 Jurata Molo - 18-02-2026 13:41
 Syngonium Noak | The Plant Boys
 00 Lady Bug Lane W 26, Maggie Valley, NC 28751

Task directions: The data above needs to be repeated exactly, line for line.

Exercise result:
 Jurata Molo - 18-02-2026 13:41
 Syngonium Noak | The Plant Boys
 00 Lady Bug Lane W 26, Maggie Valley, NC 28751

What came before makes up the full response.